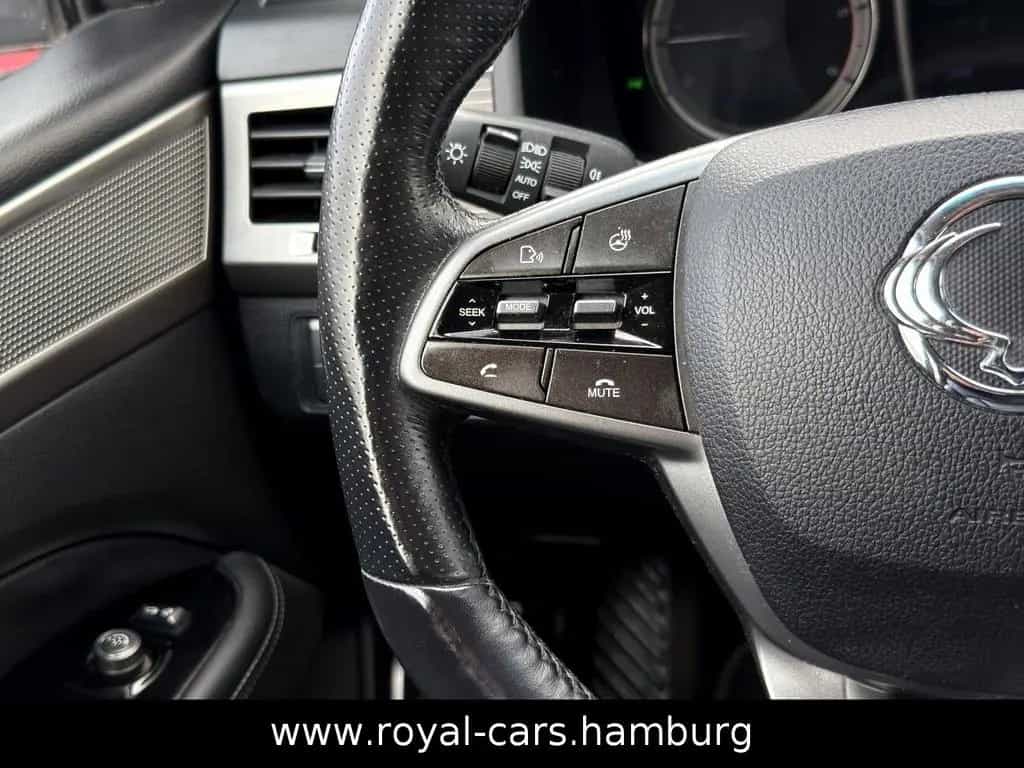Ssangyong REXTON 2.2 Diesel e-XDi 220 Crystal 4WD*CAM*AHK* 08/2019-photo-19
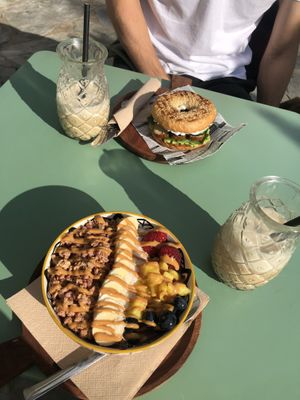 Açaí bowl and tofu bagel  at Super Be Juicery in Marbella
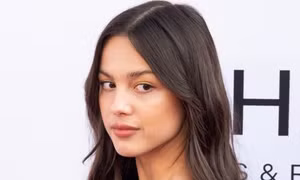 Jennie, Lisa, Olivia Rodrigo gợi ý kiểu tóc tự nhiên mà trông vẫn sang chảnh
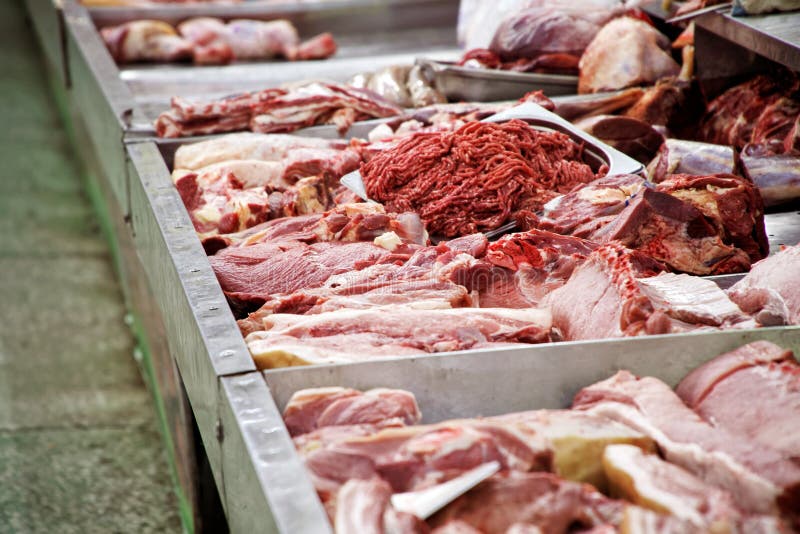 Tienda de carne: pedazos de carne, de costillas, de huesos y de carne picadita en el st foto de archivo libre de regalías Tienda de carne: pedazos de carne, de costillas, de huesos y de carne picadita en el st foto de archivo libre de regalías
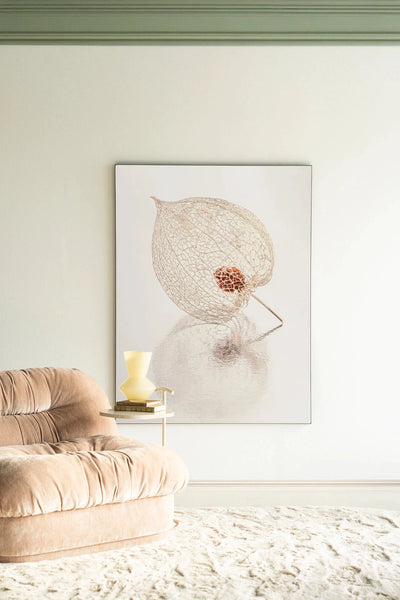 De Reflectie Van Vergankelijkheid In Lichte Tinten - Moderne Wanddecoratie | Artprint, Glass Art, Wandkleed by Urban Cotton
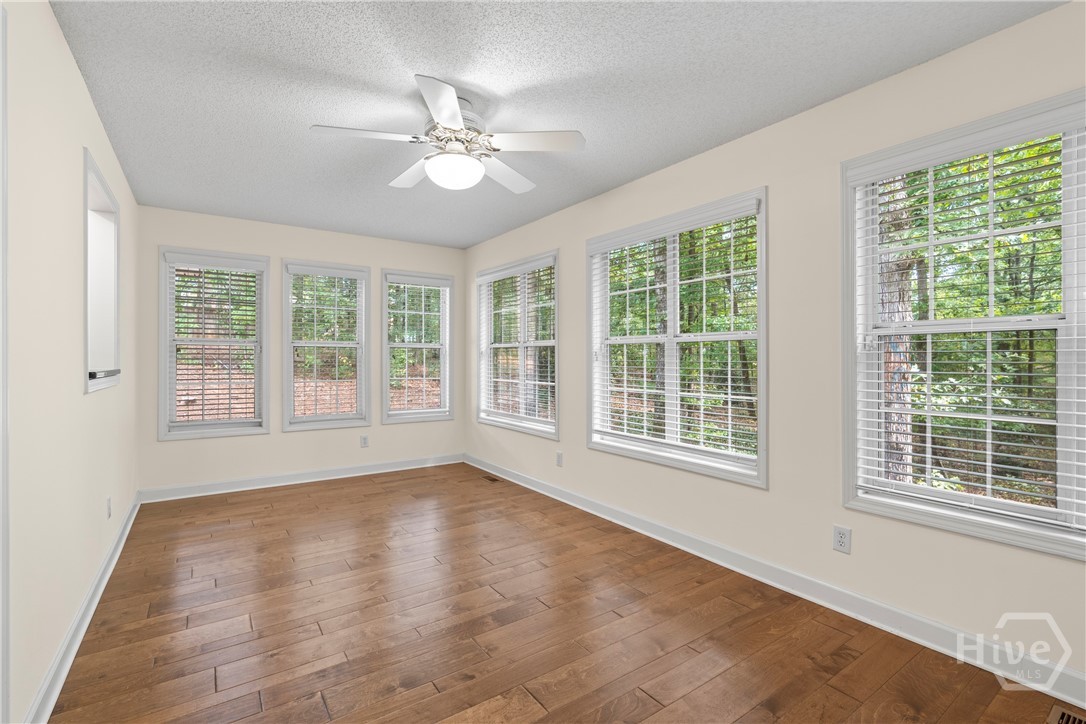 30 Joe Lee Drive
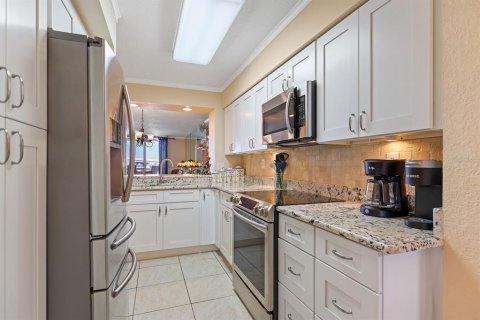 Condo in Saint Petersburg, Florida, 2 bedrooms № 2232520 - photo 9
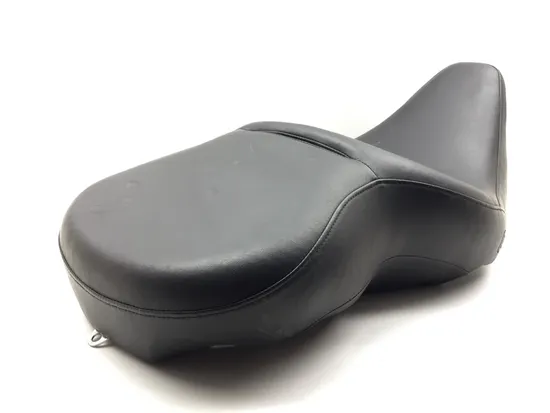 Seat 2006 Harley-Davidson Electra Glide FLHT 3246 2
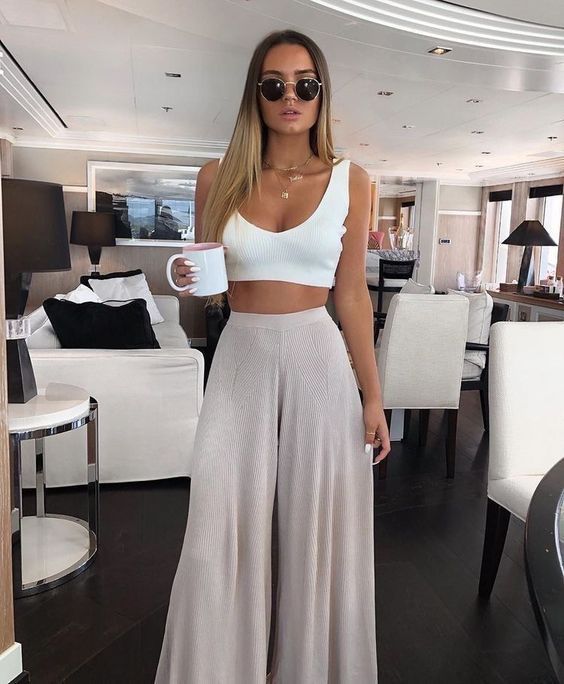 Stílusiskola: így viselj crop topokat idén nyáron -  -  - croptop, divat, nyár, outfit, stílus, 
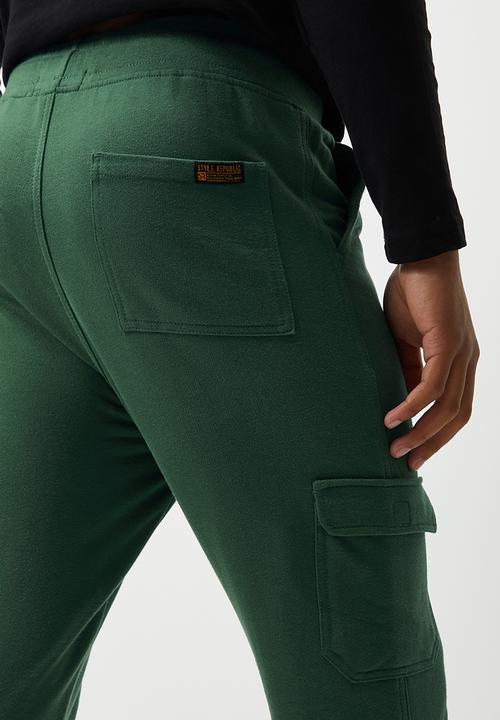 STYLE REPUBLIC - Slim fit cargo sweatpant - khaki green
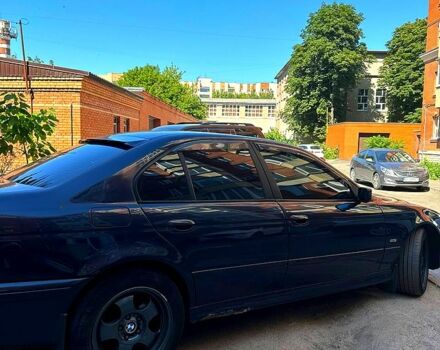 Синій БМВ 5 Серія, об'ємом двигуна 2.8 л та пробігом 111 тис. км за 5000 $, фото 2 на Automoto.ua
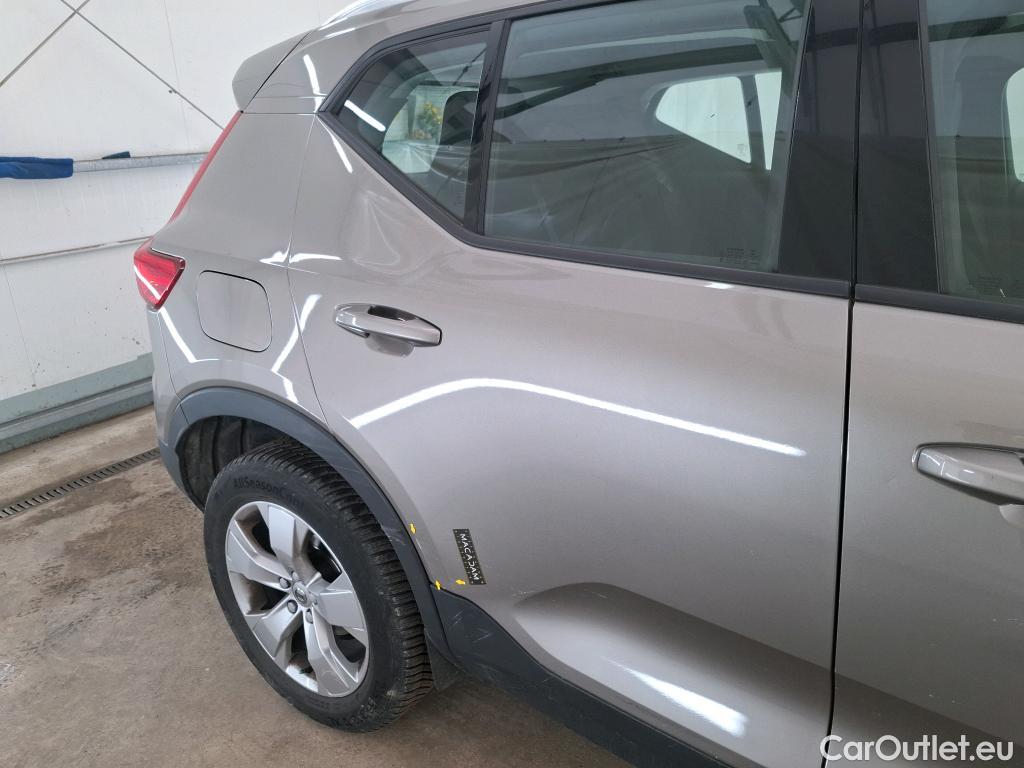  Volvo  XC 40 XC40 Momentum 2WD 1.5 130CV BVA8 E6d #4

• • • •

_Exercise directions:_ The required answer is the lines from the one that contains "Açaí bowl and" through the last line of the records, restated word for word, with every picture dropped.

_Result:_
 Açaí bowl and tofu bagel  at Super Be Juicery in Marbella
 Jennie, Lisa, Olivia Rodrigo gợi ý kiểu tóc tự nhiên mà trông vẫn sang chảnh
 Tienda de carne: pedazos de carne, de costillas, de huesos y de carne picadita en el st foto de archivo libre de regalías Tienda de carne: pedazos de carne, de costillas, de huesos y de carne picadita en el st foto de archivo libre de regalías
 De Reflectie Van Vergankelijkheid In Lichte Tinten - Moderne Wanddecoratie | Artprint, Glass Art, Wandkleed by Urban Cotton
 30 Joe Lee Drive
 Condo in Saint Petersburg, Florida, 2 bedrooms № 2232520 - photo 9
 Seat 2006 Harley-Davidson Electra Glide FLHT 3246 2
 Stílusiskola: így viselj crop topokat idén nyáron -  -  - croptop, divat, nyár, outfit, stílus, 
 STYLE REPUBLIC - Slim fit cargo sweatpant - khaki green
 Синій БМВ 5 Серія, об'ємом двигуна 2.8 л та пробігом 111 тис. км за 5000 $, фото 2 на Automoto.ua
  Volvo  XC 40 XC40 Momentum 2WD 1.5 130CV BVA8 E6d #4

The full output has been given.